Part 5: Machine Learning Methods to Process Datasets With QI Values

Published On: July 31, 2019Categories: Blog

Differential Privacy (DP): This mathematical framework gives the ability to control to what extent the model ‘remembers’ and ‘forgets’ potentially sensitive data, which is its big advantage. The most popular concept of DP is ‘noisy counting’, which is based on drawing samples from Laplace distribution and using them to make the dataset represent augmented values instead of the real one.

However, the main disadvantage of Differential Privacy is the potential for the attacker to estimate the actual value from the repeated queries. Predictions made by using different private datasets are accurate as it is, but with each new query made by the attacker, more and more sensitive information is getting released.

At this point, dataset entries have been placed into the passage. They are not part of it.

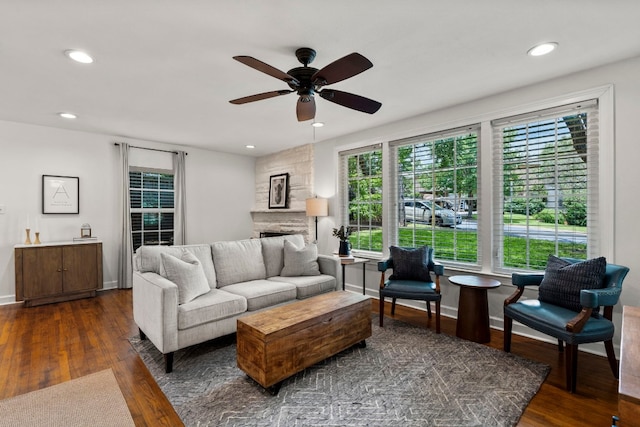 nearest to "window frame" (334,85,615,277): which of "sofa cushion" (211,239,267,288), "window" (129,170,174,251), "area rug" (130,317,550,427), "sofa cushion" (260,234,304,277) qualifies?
"area rug" (130,317,550,427)

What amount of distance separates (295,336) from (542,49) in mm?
2784

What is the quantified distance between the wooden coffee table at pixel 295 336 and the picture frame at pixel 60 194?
3877 millimetres

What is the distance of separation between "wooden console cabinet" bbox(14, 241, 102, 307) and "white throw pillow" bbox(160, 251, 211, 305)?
249 centimetres

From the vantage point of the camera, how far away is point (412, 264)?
3.48 meters

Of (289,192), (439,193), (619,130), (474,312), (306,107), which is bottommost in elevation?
(474,312)

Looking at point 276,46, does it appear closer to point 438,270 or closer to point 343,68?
point 343,68

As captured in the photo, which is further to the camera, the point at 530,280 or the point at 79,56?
the point at 530,280

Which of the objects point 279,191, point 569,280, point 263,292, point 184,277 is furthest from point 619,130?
point 279,191

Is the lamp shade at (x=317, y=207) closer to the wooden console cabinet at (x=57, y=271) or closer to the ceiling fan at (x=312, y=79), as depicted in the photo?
the ceiling fan at (x=312, y=79)

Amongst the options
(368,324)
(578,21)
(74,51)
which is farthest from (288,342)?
(578,21)

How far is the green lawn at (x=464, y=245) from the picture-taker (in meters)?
3.02

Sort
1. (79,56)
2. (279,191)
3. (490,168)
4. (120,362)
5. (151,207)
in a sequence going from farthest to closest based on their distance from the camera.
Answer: (279,191), (151,207), (490,168), (120,362), (79,56)

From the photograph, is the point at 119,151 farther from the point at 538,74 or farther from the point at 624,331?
the point at 624,331

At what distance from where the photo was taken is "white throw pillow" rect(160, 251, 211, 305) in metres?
2.62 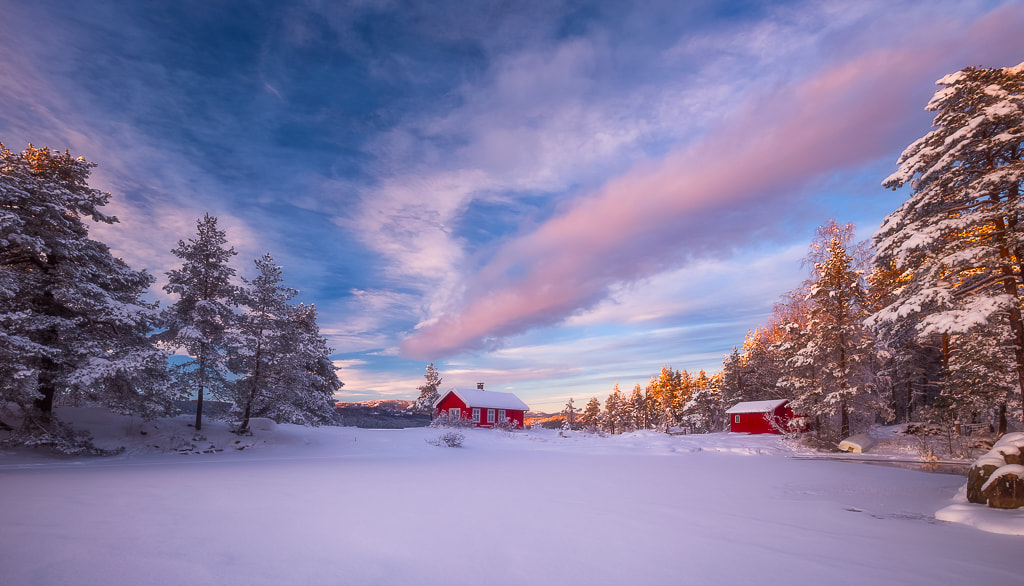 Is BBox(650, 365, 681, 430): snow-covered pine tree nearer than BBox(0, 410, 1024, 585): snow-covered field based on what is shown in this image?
No

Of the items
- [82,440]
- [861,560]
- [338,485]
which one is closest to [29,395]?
[82,440]

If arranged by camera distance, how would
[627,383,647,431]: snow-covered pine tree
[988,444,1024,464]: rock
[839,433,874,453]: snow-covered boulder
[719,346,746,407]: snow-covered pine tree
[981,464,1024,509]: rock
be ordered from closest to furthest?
[981,464,1024,509]: rock < [988,444,1024,464]: rock < [839,433,874,453]: snow-covered boulder < [719,346,746,407]: snow-covered pine tree < [627,383,647,431]: snow-covered pine tree

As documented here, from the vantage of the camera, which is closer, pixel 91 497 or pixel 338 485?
pixel 91 497

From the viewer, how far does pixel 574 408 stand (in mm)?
80438

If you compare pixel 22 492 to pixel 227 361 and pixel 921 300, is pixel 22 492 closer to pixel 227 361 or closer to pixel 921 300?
pixel 227 361

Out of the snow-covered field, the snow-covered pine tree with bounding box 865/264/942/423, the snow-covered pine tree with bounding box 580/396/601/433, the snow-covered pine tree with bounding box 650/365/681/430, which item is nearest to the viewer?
the snow-covered field

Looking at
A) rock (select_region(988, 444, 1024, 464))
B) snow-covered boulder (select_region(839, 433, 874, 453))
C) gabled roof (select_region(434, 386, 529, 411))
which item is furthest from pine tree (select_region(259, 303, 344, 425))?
snow-covered boulder (select_region(839, 433, 874, 453))

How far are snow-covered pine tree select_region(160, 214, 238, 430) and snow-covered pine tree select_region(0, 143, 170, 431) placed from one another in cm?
251

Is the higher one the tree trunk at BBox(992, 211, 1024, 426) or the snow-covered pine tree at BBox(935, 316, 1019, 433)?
the tree trunk at BBox(992, 211, 1024, 426)

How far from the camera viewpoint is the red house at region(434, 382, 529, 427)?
50.5 metres

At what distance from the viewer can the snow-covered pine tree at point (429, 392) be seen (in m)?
55.7

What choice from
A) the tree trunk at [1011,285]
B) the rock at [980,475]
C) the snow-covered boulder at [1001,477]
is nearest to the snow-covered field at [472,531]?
the rock at [980,475]

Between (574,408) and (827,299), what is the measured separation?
191 feet

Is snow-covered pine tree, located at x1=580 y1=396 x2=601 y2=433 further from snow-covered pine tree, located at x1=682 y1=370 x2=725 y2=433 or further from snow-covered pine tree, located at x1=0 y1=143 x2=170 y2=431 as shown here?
snow-covered pine tree, located at x1=0 y1=143 x2=170 y2=431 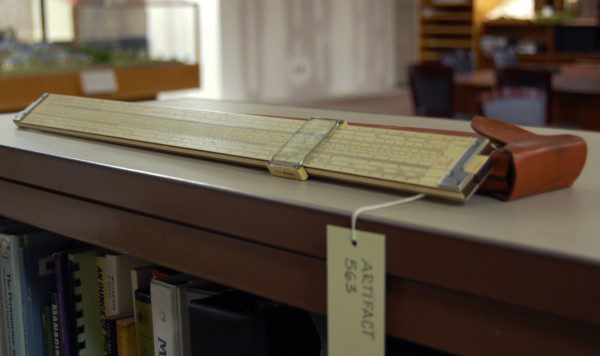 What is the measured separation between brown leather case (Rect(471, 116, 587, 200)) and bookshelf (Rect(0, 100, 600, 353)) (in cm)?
2

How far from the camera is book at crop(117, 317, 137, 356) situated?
4.35 ft

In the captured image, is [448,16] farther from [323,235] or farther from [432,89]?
[323,235]

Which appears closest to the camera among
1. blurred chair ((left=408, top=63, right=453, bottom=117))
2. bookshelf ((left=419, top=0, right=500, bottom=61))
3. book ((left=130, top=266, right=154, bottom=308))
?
book ((left=130, top=266, right=154, bottom=308))

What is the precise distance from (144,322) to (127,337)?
8 centimetres

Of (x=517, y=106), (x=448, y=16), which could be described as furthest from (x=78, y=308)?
(x=448, y=16)

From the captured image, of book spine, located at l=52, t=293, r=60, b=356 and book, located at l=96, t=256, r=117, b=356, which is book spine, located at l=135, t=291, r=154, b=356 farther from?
book spine, located at l=52, t=293, r=60, b=356

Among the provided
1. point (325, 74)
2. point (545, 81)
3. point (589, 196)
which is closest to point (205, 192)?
point (589, 196)

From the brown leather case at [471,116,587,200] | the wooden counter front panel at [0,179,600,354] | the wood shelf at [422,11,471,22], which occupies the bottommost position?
the wooden counter front panel at [0,179,600,354]

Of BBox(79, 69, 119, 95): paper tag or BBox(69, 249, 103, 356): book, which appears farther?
BBox(79, 69, 119, 95): paper tag

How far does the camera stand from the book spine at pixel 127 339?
1.33 meters

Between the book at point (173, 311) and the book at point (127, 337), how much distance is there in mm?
146

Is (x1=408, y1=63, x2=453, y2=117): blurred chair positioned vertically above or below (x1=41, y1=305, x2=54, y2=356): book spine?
above

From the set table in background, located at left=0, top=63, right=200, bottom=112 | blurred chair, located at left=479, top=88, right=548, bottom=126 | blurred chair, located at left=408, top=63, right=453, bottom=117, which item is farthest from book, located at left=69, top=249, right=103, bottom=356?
blurred chair, located at left=408, top=63, right=453, bottom=117

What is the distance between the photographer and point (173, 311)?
3.83 feet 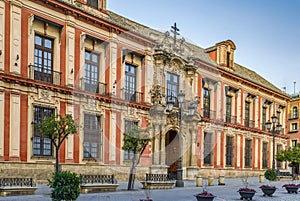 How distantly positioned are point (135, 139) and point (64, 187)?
8.01m

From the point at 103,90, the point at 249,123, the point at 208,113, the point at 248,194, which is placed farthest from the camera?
the point at 249,123

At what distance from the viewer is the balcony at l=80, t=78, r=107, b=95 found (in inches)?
882

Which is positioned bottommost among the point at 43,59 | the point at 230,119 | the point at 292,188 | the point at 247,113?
the point at 292,188

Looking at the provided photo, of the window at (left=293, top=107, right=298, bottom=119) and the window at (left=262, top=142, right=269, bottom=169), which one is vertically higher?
the window at (left=293, top=107, right=298, bottom=119)

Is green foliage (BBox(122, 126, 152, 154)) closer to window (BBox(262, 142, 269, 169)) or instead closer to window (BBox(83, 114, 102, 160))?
window (BBox(83, 114, 102, 160))

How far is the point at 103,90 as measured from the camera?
23516 mm

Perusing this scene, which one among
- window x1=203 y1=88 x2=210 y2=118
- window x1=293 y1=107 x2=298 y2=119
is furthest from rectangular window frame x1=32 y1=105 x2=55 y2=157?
window x1=293 y1=107 x2=298 y2=119

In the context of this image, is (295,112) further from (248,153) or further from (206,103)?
(206,103)

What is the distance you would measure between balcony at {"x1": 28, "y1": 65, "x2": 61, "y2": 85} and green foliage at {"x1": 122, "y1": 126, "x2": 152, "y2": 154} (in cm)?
570

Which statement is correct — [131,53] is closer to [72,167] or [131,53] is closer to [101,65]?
[101,65]

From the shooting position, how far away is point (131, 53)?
84.6 ft

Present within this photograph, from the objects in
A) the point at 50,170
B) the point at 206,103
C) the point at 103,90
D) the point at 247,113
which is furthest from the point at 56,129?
the point at 247,113

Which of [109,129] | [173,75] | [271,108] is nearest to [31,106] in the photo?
[109,129]

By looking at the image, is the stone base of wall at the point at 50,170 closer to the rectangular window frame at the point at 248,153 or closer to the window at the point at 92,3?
the window at the point at 92,3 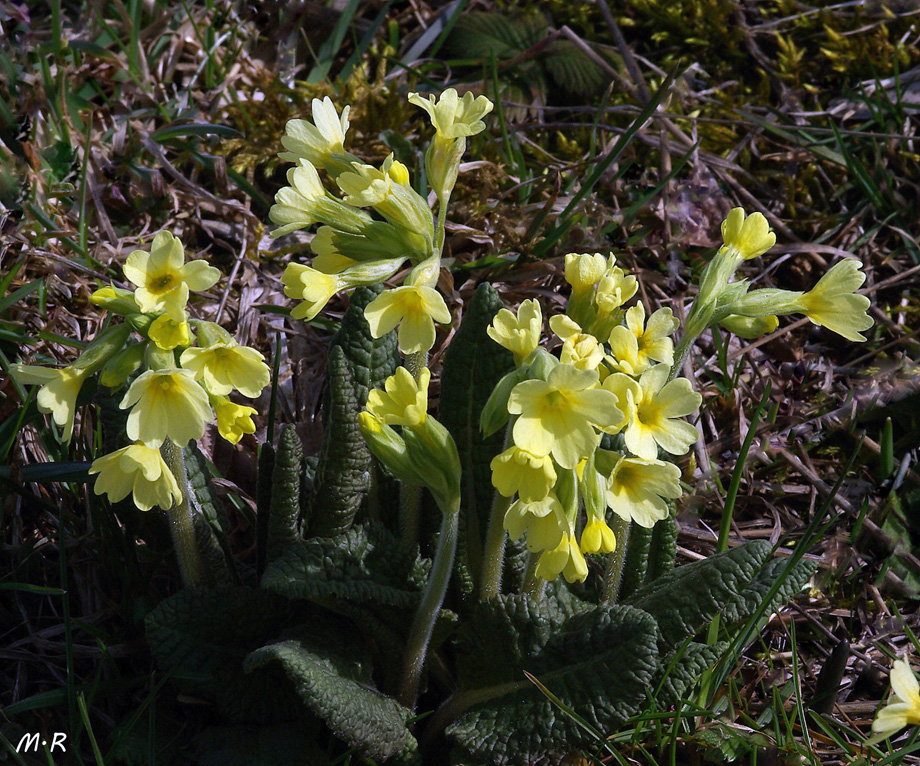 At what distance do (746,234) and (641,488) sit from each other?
24.5 inches

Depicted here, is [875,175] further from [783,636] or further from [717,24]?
[783,636]

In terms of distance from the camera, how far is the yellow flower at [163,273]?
1504mm

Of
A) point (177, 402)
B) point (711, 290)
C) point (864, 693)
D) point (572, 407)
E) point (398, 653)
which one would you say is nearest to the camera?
point (572, 407)

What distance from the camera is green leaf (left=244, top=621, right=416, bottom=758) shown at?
5.17 feet

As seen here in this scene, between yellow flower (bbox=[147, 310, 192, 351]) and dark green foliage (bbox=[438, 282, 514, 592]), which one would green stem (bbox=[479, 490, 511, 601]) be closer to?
dark green foliage (bbox=[438, 282, 514, 592])

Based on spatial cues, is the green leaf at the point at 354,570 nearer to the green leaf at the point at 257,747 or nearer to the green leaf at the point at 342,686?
the green leaf at the point at 342,686

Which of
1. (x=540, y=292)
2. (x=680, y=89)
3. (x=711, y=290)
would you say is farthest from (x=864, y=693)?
→ (x=680, y=89)

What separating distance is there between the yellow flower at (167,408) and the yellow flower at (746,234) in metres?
1.08

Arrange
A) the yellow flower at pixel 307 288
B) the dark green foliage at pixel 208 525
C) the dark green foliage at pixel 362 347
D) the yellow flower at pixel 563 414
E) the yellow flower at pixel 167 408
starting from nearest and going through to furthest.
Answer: the yellow flower at pixel 563 414, the yellow flower at pixel 167 408, the yellow flower at pixel 307 288, the dark green foliage at pixel 208 525, the dark green foliage at pixel 362 347

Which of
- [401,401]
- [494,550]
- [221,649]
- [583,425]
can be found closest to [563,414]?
[583,425]

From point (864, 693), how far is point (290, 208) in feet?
5.90

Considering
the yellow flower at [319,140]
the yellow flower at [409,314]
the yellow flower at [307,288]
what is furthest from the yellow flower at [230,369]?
the yellow flower at [319,140]

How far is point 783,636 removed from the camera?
89.0 inches

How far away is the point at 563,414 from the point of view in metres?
1.39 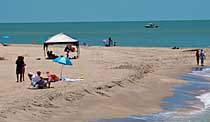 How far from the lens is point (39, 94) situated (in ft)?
70.2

Federated Learning: The core idea of federated learning is very similar to distributed learning, because the model is training on subsets of the data. This is quite a powerful method providing we can effectively train and improve the model on separate devices while holding different subsets of data and gradually improve it.

‘Private Aggregation of Teacher Ensembles’ (PATE): This framework uses pieces of the different privacy methods, which is storing personal/sensitive data in a way that does not reveal any kind of individual personal information. The core idea of PATE is that if two models trained on separate data agree on the same outcome, it is less likely that sharing the outcome to the consumer will leak any sensitive data about a specific user. Training methodology resembles federated learning (and bagging techniques, of course) because the first step is splitting our dataset into smaller subsets and then training various models on them. Predictions are made by aggregating many predictions from different models and injecting noise into them.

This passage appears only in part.